L’impact du secteur touristique sur l’économie camerounaise

II – EVALUATION DE L’IMPACT DU SECTEUR TOURISTIQUE SUR L’ECONOMIE CAMEROUNAISE.

Après avoir présenté le pays et établi la carte touristique de ce dernier, il semble dès lors opportun d’analyser l’impact socio économique de l’action touristique. Pour ainsi dire nous allons nous atteler à montrer la mise en œuvre, la concrétisation des orientations nationales, et situer les retombées économiques et financières de l’action touristique au Cameroun.

A – Options gouvernementales

1- Aménagement des sites touristiques et du dispositif hôtelier.

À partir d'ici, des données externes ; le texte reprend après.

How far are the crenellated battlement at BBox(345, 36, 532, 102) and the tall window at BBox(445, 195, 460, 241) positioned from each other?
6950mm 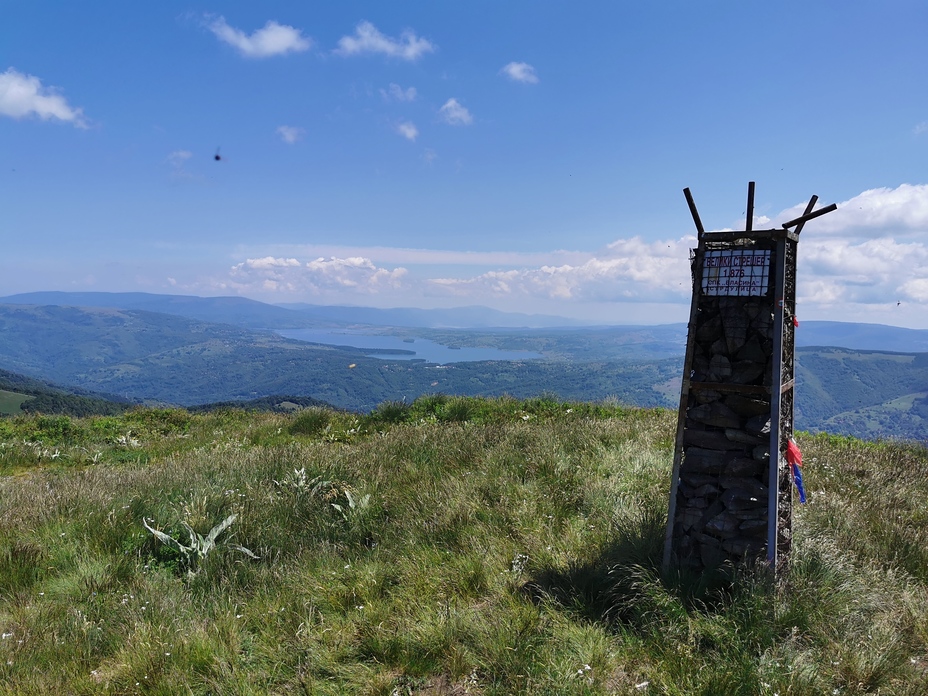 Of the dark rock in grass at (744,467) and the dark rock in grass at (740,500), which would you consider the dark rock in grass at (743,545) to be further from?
the dark rock in grass at (744,467)

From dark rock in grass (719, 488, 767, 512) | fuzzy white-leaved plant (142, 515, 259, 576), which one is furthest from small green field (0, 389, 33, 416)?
dark rock in grass (719, 488, 767, 512)

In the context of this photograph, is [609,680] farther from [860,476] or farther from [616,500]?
[860,476]

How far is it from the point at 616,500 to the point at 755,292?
280cm

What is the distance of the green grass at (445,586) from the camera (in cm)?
308

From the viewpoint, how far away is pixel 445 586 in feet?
13.5

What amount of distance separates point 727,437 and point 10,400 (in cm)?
11033

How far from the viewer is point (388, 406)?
1327 cm

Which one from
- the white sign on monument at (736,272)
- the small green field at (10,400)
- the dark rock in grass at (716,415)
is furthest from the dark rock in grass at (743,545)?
the small green field at (10,400)

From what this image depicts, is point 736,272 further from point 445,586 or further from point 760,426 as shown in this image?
point 445,586

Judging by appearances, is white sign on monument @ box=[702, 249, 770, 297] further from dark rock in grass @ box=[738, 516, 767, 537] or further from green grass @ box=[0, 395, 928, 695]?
green grass @ box=[0, 395, 928, 695]

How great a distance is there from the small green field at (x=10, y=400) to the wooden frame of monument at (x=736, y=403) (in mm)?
94898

Pour faire évoluer le secteur touristique et hôtelier camerounais, les autorités compétentes l’ont doté d’instruments législatifs et réglementaires, d’un cadre institutionnel, elles ont assuré une action promotionnelle à la mesure de leurs moyens. Tout ceci a contribué à animer l’action des opérateurs touristiques, désormais conscients que le tourisme est une activité commerciale rentable, un secteur porteur en matière de développement socio économique des états35.

Sur le plan normatif et celui de la gestion, la délégation générale du tourisme crée en 1975, a amorcé un travail dynamique pour l’évolution du tourisme camerounais. Le développement du secteur à cette époque s’est soldé par l’accroissement des infrastructures et la mise en valeur des sites touristiques. C’est dans ce cadre que le gouvernement, fort d’un appui normatif efficace a renforcé les équipements d’accueil, e matière hôtelière par un financement de 8,05 milliards de francs CFA. Ce montant devait permettre la construction et l’agrandissement des hôtels de douala, Maroua, et Garoua.

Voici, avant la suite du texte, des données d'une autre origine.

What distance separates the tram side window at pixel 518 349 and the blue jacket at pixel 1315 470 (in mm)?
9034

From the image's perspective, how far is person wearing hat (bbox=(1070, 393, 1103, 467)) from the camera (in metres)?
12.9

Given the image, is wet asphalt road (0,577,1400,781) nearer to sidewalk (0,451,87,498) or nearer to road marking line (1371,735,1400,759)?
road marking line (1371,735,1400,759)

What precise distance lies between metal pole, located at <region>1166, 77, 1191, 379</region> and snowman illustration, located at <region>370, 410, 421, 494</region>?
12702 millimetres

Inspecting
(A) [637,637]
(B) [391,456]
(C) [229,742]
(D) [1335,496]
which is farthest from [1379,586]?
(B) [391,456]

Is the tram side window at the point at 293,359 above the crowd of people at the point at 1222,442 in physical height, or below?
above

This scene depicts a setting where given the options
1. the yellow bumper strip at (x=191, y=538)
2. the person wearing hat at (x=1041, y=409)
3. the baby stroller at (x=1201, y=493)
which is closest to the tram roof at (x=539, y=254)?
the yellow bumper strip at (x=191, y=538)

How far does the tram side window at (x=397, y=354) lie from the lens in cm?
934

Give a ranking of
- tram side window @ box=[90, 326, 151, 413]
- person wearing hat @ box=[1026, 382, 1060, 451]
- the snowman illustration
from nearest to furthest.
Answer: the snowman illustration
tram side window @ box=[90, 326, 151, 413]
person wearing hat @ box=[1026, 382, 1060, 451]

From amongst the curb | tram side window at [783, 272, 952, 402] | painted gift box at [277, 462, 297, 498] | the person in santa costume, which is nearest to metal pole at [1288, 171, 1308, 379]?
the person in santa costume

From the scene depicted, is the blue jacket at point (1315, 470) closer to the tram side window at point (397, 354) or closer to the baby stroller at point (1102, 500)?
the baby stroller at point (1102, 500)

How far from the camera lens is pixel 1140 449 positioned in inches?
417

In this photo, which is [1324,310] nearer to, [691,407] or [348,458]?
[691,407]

Ces opérations ont été encouragées par des promoteurs privés nationaux. La capacité hôtelière camerounaise a donc connu une évolution significative à partir des années 1975, comme l’illustre le tableau ci-dessous :

Evolution de la capacité des hôtels camerounais :

1975/1976 1980/1981 1985/1986 1992/1993
Chambres 3169 5046 7906 8565
Lits 4565 8189 12950 11143

Source : cinquième plan quinquennal et statistiques MINTOUR, 1993.

Un effort a aussi été fait pour l’aménagement et l’accès des parcs nationaux, dont on évite la dénaturation des sites. Le Cameroun a ainsi réalisé des parcs nationaux d’intérêt faunistique et floristique. Les réserves du DJA (devenue patrimoine de l’UNESCO), du MAYO LOUTI et du KALFOU, les chutes de la lobé, constituent avec d’autres paysages et sites naturels du pays, de riches potentialités touristiques.

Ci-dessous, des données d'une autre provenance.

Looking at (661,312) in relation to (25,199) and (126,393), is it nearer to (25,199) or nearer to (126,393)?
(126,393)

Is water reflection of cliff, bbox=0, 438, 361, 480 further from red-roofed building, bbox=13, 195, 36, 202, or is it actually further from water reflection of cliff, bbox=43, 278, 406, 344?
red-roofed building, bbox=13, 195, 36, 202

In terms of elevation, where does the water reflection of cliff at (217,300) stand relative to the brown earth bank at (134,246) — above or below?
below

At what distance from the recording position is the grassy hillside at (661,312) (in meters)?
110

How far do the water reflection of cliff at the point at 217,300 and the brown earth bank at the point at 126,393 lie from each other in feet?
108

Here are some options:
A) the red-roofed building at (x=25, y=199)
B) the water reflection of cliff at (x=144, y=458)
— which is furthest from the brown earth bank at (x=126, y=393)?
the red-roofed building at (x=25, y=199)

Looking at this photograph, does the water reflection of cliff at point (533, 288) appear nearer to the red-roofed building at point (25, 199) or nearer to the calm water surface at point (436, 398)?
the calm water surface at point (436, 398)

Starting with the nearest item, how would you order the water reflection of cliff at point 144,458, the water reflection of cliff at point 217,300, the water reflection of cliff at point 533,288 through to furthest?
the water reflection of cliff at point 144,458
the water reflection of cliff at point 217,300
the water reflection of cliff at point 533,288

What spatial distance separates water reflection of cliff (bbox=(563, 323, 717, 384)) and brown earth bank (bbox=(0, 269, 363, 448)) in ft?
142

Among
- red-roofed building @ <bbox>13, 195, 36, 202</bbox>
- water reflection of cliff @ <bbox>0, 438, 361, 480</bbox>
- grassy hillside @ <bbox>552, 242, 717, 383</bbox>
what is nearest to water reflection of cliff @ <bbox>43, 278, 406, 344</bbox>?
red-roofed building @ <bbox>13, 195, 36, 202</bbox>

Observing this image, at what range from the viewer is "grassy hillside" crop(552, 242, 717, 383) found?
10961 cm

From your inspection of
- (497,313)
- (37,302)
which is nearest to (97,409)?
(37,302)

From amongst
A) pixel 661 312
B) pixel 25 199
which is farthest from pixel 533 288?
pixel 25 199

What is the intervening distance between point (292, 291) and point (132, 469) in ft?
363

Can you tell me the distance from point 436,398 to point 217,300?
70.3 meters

Le tourisme étant une activité complexe et multidisciplinaire, l’action promotionnelle a connu certaine accentuation, notamment grâce aux supports de la presse de l’édition, de la publicité et de l’audiovisuel. On peut louer à cet égard, la collaboration de la Camair pour la promotion de la destination Cameroun. Cette action qui souffre néanmoins d’une certaine insuffisance a permis la découverte du Cameroun, en 1981, on enregistrait le séjour de 123000 étrangers dans les établissements d’hébergement contre 77130 en 1975.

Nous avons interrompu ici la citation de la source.